Typically, you’ll see interest rates that start as low as 5.99%. You’ll also receive a fixed payment schedule with monthly repayments (as opposed to daily or weekly) and longer repayment terms.
Flexibility: Although certain types of business loans can only be applied toward certain expenses, a personal loan for business usually offers you quite a bit of flexibility in terms of what you can spend the money on.
Risking personal assets: To qualify for a personal loan for business, you may have to put up your own assets as collateral. If you default on the loan, those assets could be seized. Additionally, because the loan is a personal loan, your payment history will be reported to the consumer credit bureaus—meaning any late payments or default will impact your personal credit score.
Can’t build business credit: Because the loan isn’t tied to your business, a personal loan for business can’t help you build your business credit score—this could then further limit your ability to secure a business loan in the future.

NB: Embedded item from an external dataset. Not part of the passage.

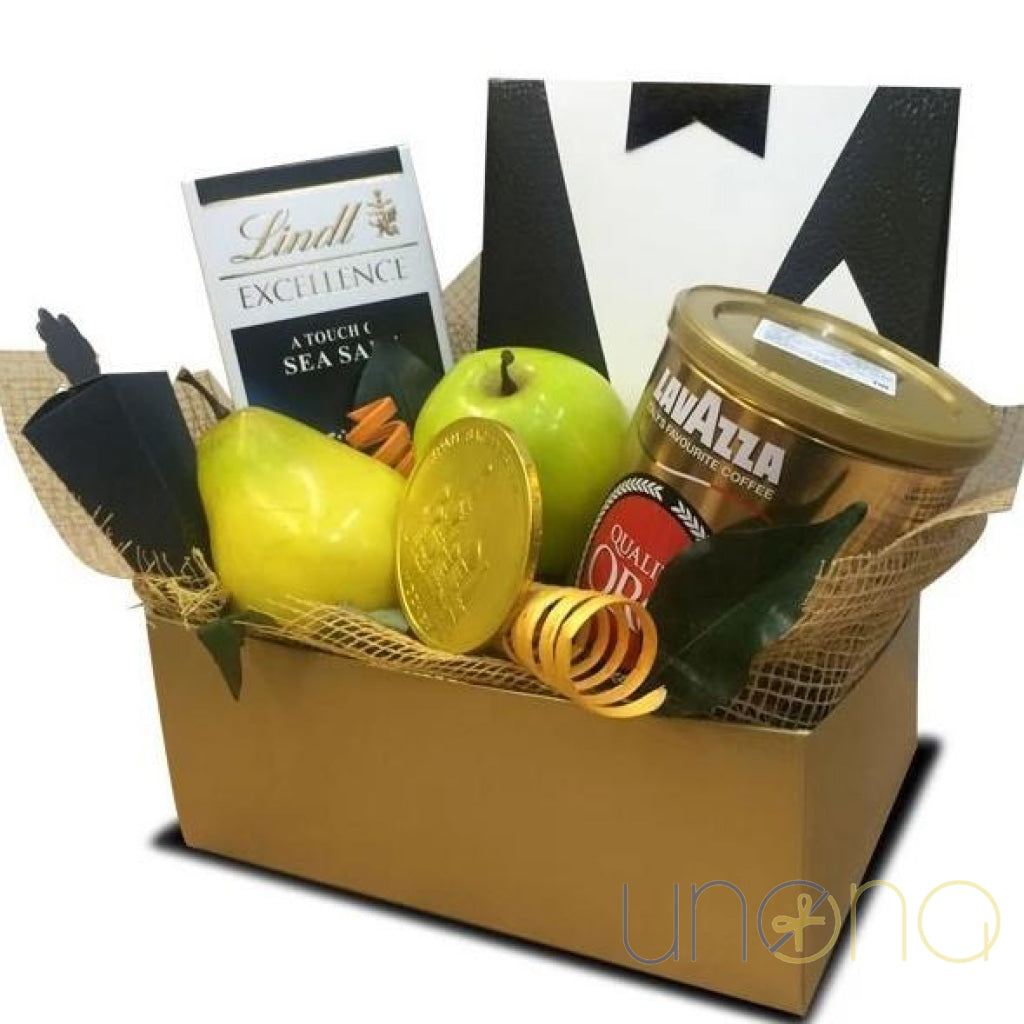 Manful Gift Box | Ukraine Gift Delivery.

Small loan amounts: A personal loan is typically smaller than a business loan, meaning you may not be able to receive all the funds you need to cover expenses.
Mixing personal and business finances: If you use a personal loan for business, you risk mixing your personal and business finances, which can cause a lot of headaches come tax season. To avoid this potential issue, consider opening a separate business bank account and enlisting the help of a bookkeeper.

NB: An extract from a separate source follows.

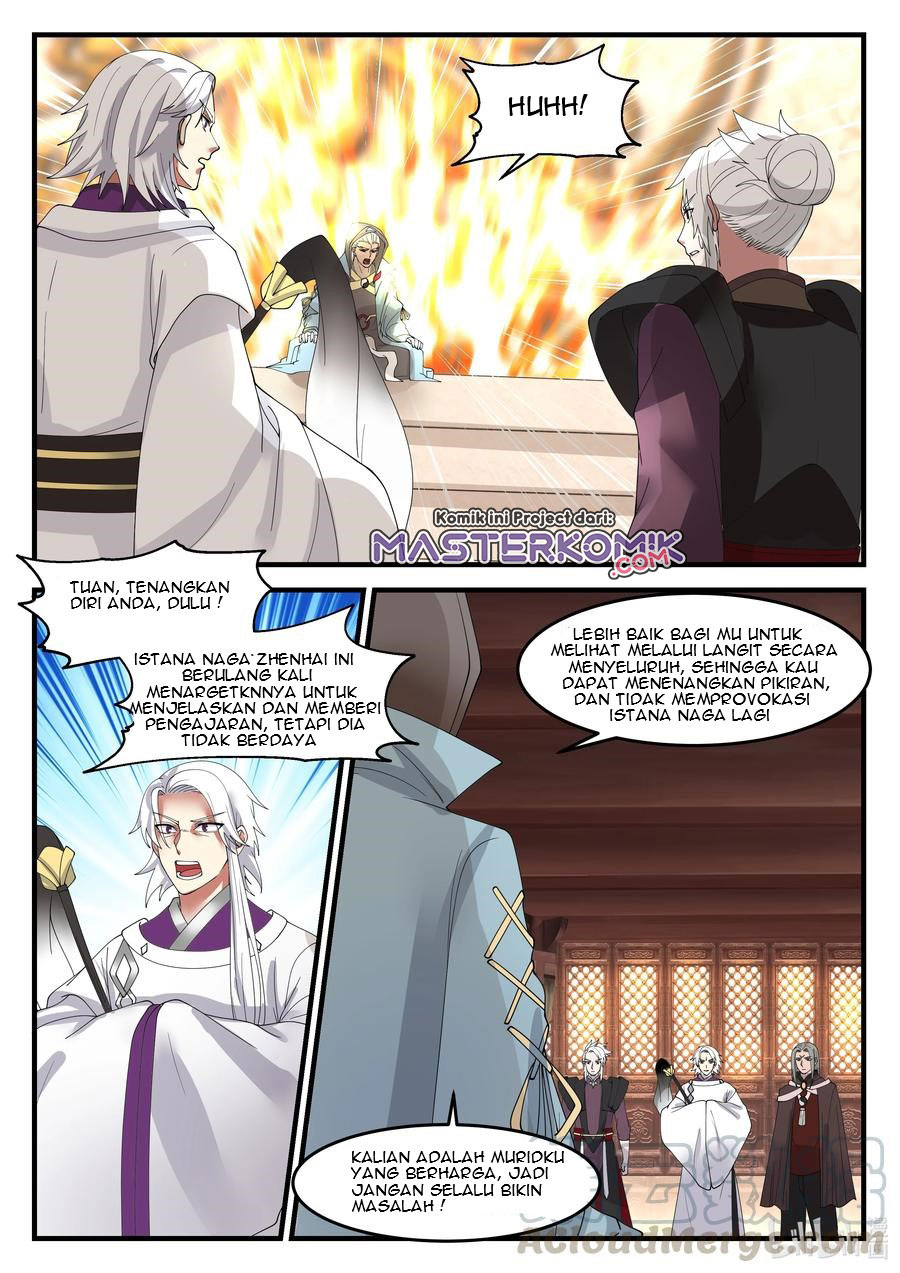 Dragon Throne Chapter 92 Gambar 9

Here are some scenarios in which it may make sense to take out a personal loan for business rather than a dedicated business loan:
On the other hand, of course, there are also scenarios in which a dedicated business loan will be a better solution for your financial needs:
Ultimately, personal loans for business are granted to borrowers with a strong personal credit history and a steady amount of income.
Generally, lenders will look at factors like your personal credit score, debt-to-income ratio, gross annual income, and net worth to determine whether or not you qualify for a loan—and if you qualify, what interest rate you’ll receive.

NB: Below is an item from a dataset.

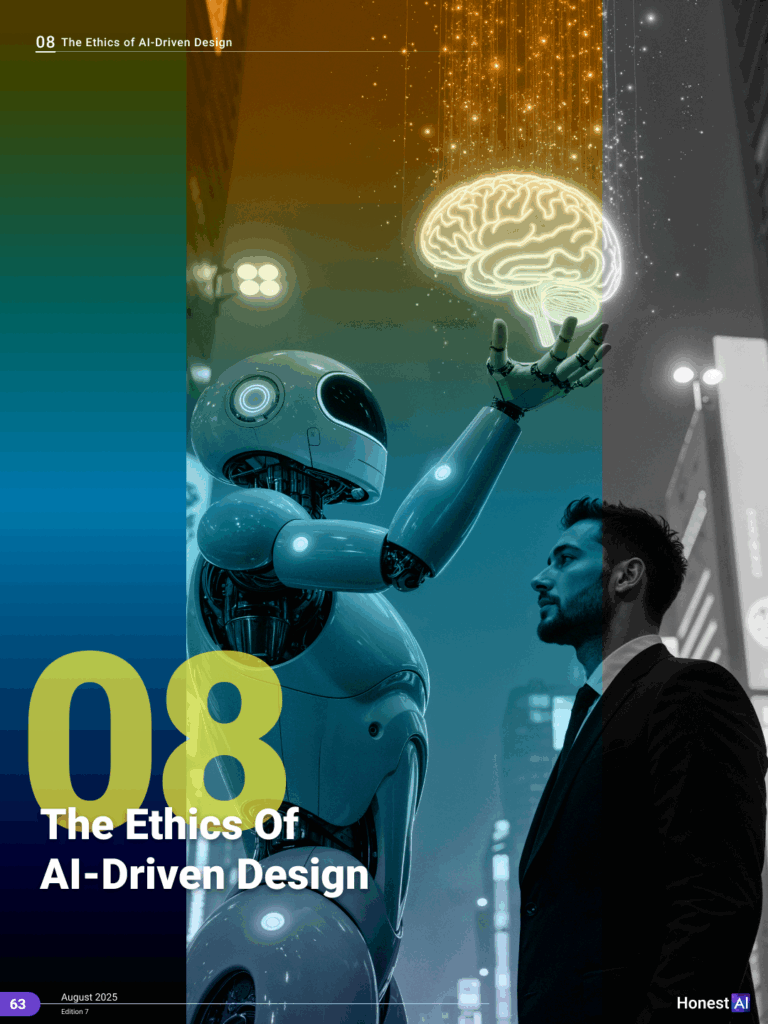 The Ethics of AI-Driven Design The Ethics of AI-Driven Design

Although you can go directly to a lender to see if you qualify and apply for a personal loan for your business, you might also opt to use a marketplace like Fundera, in which you input your personal information and see a range of options that may suit your needs.
The application process for a personal loan for business will depend on the type of lender you’re working with—just like with any business loan application.
Banks and credit unions typically have a longer application process and may require you to apply in person, or at least over the phone.
Online lenders tend to have more streamlined and efficient application processes—only requiring a handful of documents in the actual application.
Documents and information you may need:
If a personal loan for business doesn’t make sense for you, here are some alternatives to consider.
A business term loan is a lump sum of funds that you pay back over a set term, with interest. Business term loans can be used for a number of business expenses and vary greatly in amount, terms, and rates depending on the lender.
A business line of credit is similar to a credit card: It gives you access to a pool of funds to draw from when you need capital. You only have to repay and only pay interest on what you use. Business lines of credit typically come with higher loan amounts than personal loans for business, and they can also be used for a wide variety of business purposes.
Another common option is to finance your business with a business credit card, particularly one with a 0% intro APR period. This means you’ll essentially have a credit card that acts as an interest-free loan—letting you pay down debt, interest-free, on purchases during the introductory period.
Note that once your 0% intro APR period expires, your interest rate will set in at a rate that will depend on your creditworthiness and the market prime rate.
To qualify for a business credit card, you’ll need a strong personal credit score. Business credit cards typically don’t come with high credit limits, but they can be a great way to begin funding your business interest-free (especially as a startup) while earning rewards for spending.